I personally use a Personal Knowledge Management (PKM) system and my app stack is in there. I use Obsidian which is a md note-taking app. I have a note per VM, a note per service (db, smtp, vm security, webserver, etc...) that i link to the servers i use them on... Each server note has its technical desc, hosted services, whether i ise docker or barebmetal, the list of internal ips used, list of ports dedicated to each service. I made a note with CLI commands i want to keep in mind & another note with app ideas to self host. For diagrams, i used yEd which is an industry-grade free software. Not too bad!
I recommend documenting stuff on something like Wiki.js - it supports Mermaid and now even Diagrams.net (Draw.io) directly, making it easy to edit and add diagrams.
Sounds great!
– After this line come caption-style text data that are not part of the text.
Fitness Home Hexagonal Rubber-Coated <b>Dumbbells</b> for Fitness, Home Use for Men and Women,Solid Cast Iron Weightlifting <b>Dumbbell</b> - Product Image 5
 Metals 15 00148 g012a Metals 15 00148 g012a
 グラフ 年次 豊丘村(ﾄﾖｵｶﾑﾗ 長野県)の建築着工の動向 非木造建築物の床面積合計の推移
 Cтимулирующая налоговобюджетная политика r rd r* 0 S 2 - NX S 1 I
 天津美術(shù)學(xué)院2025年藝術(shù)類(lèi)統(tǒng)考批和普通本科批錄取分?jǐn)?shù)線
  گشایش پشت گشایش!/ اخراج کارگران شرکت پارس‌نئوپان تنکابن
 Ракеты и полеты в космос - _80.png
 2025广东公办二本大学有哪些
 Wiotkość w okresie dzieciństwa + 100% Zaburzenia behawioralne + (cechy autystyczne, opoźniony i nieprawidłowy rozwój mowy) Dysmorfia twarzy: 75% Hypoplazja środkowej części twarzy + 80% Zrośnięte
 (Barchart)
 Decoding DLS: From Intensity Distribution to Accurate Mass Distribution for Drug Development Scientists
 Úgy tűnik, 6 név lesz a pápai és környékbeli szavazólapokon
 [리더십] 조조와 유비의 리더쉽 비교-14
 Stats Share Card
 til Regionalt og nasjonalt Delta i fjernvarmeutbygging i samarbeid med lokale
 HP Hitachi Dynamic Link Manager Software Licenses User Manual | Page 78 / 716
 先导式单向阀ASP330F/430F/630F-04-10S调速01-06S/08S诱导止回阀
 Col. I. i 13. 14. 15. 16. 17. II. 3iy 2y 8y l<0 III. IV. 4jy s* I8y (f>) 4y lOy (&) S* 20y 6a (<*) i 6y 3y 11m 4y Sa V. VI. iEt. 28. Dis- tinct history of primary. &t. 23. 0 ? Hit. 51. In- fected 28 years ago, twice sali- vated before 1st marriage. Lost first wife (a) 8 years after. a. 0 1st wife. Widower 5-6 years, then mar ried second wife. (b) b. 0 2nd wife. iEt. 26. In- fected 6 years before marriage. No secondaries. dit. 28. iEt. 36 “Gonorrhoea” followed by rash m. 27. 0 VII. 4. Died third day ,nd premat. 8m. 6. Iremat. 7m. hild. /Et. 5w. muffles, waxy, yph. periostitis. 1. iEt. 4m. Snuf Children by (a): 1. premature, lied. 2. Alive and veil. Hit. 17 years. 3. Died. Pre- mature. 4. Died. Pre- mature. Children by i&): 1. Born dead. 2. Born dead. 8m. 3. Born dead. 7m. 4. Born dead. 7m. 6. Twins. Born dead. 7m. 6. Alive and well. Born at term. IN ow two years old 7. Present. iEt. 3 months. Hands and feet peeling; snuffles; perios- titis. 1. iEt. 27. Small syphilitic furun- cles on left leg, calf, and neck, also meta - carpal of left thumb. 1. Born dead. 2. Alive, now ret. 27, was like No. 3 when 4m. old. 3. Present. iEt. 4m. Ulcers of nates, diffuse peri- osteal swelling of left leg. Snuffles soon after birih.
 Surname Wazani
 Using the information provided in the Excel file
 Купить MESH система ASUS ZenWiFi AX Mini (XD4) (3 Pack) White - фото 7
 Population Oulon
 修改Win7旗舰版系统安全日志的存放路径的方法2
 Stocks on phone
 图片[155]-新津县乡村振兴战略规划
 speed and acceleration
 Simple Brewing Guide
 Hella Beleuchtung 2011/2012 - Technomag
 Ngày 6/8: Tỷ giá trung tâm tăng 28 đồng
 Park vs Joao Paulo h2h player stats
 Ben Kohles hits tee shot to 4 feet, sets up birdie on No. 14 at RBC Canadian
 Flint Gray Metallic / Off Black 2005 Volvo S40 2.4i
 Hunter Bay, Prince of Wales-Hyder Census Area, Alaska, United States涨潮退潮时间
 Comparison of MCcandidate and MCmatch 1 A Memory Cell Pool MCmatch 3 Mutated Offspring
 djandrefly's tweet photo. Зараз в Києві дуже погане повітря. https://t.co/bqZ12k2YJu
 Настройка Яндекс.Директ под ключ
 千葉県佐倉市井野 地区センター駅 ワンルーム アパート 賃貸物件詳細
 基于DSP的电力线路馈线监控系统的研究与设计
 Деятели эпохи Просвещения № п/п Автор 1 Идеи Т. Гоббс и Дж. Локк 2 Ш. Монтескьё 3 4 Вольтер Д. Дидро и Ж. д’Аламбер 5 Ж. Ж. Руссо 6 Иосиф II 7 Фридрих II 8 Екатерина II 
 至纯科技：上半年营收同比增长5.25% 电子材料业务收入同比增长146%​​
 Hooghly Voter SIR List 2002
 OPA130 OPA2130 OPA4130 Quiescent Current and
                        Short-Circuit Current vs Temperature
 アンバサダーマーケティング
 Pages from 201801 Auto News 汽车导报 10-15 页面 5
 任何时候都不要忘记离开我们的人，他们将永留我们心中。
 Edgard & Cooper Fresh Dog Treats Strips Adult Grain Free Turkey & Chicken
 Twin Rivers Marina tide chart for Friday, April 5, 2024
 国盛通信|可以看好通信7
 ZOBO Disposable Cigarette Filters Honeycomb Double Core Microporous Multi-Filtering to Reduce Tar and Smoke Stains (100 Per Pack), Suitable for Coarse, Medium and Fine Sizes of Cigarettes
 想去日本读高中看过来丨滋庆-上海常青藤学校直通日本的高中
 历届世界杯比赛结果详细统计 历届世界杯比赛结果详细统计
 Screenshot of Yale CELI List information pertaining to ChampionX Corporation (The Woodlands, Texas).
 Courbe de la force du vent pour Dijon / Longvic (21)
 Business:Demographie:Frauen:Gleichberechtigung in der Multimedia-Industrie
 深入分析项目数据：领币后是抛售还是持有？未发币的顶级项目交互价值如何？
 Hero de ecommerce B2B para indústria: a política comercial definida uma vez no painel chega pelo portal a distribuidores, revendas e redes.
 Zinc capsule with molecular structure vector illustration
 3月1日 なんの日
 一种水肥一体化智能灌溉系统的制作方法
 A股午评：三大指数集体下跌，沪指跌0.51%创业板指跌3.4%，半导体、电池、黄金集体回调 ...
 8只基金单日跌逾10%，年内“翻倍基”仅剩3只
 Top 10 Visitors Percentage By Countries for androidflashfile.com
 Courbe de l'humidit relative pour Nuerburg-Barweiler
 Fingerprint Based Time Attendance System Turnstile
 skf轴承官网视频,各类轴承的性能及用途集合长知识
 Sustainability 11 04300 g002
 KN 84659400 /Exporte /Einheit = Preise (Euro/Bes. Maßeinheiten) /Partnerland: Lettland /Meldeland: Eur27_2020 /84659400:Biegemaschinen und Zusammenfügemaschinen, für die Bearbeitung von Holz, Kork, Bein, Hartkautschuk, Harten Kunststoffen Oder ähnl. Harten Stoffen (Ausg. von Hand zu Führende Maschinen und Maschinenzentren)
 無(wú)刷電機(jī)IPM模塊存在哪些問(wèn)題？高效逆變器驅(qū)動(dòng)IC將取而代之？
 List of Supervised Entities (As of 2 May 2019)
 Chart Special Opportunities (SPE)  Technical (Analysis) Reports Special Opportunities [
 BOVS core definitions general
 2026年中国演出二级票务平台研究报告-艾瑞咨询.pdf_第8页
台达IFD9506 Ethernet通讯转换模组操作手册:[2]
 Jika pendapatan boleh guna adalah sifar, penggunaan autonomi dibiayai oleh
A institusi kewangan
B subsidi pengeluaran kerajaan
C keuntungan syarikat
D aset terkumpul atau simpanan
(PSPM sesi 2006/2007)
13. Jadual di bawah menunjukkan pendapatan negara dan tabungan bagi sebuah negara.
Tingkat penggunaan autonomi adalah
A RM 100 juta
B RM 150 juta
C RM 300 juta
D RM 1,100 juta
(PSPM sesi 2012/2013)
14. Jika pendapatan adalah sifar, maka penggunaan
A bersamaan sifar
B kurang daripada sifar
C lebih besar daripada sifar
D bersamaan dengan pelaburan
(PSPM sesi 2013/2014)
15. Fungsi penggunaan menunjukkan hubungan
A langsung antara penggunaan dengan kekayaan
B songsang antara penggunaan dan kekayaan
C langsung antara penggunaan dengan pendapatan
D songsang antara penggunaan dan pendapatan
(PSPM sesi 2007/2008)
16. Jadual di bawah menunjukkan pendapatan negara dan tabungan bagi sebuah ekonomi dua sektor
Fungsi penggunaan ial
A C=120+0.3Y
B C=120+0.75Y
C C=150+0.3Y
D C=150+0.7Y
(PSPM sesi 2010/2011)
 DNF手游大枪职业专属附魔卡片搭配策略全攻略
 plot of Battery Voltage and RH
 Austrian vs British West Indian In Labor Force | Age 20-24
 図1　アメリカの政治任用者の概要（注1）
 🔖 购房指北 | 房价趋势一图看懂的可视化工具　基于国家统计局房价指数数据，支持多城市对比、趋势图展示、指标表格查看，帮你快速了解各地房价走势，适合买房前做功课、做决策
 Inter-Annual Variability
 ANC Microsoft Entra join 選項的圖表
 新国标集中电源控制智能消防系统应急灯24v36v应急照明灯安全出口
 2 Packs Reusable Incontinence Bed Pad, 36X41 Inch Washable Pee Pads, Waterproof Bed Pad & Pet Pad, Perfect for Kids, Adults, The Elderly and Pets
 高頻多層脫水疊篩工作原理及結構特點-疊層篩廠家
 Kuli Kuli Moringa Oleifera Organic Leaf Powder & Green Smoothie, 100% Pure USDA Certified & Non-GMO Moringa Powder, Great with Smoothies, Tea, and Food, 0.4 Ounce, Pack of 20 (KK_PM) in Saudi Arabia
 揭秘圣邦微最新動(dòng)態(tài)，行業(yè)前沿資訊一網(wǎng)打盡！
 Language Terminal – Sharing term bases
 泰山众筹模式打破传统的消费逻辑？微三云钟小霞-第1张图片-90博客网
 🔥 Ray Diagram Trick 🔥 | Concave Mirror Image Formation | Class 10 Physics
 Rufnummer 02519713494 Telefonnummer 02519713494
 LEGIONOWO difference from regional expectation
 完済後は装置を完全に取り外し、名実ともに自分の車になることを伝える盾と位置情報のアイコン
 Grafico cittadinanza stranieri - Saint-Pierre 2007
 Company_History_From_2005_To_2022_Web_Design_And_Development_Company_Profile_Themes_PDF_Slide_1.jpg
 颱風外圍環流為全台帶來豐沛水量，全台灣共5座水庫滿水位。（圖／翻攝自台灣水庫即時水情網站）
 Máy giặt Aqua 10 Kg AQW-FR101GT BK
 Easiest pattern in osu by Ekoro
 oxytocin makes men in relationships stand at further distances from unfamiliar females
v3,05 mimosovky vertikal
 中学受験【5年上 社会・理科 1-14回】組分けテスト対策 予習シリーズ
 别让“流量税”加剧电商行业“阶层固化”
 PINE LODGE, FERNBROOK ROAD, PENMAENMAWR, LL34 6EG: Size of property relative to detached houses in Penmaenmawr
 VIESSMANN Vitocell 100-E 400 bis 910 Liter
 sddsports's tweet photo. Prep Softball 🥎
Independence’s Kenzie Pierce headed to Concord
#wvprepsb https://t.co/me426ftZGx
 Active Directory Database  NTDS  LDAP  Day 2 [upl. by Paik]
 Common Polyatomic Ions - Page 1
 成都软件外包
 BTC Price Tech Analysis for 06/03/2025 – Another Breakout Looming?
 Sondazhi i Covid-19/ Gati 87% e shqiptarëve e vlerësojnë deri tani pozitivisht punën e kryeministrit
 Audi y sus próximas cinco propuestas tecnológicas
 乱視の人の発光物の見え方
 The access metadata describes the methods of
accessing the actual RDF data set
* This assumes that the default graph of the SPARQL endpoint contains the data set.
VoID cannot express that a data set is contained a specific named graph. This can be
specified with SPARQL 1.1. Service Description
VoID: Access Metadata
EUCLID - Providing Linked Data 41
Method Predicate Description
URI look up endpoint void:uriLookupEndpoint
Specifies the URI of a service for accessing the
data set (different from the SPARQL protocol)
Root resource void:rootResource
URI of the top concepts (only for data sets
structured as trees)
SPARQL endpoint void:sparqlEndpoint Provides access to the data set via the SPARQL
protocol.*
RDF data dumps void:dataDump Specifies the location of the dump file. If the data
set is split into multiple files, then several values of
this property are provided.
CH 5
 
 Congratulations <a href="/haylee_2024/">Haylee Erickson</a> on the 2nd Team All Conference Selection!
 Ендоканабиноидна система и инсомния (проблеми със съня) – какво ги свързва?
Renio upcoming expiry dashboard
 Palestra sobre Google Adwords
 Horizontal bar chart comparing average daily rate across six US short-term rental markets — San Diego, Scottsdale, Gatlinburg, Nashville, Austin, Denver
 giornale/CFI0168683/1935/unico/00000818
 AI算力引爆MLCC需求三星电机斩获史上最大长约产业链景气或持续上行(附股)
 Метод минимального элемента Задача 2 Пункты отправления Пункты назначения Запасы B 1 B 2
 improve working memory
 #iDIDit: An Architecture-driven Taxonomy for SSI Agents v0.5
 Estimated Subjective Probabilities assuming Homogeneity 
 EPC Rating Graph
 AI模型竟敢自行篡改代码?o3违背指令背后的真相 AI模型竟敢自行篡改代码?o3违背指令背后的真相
If you're looking for something like Obsidian, but a little different, check out Trilium as well ;)
All your files are local and in case you want to sync to multiple devices, there's Self-hosted LifeSync, I use that since weeks, works like a charm with a self-hosted CouchDB in the background.
A level above that is Kubernetes. Yes, K8s has a steep learning curve. Yes, K8s wastes a lot of resources. But if you can get past those downsides, it turns your Server into an "appliance". You say "here, run this", and it does. K8s very cleanly de-couples "applications" from "configuration" from "data" from "operations". For home users, I recommend K3OS. The OS has no moving parts -- in fact, it's read-only. It's just a quick way to get Kubernetes.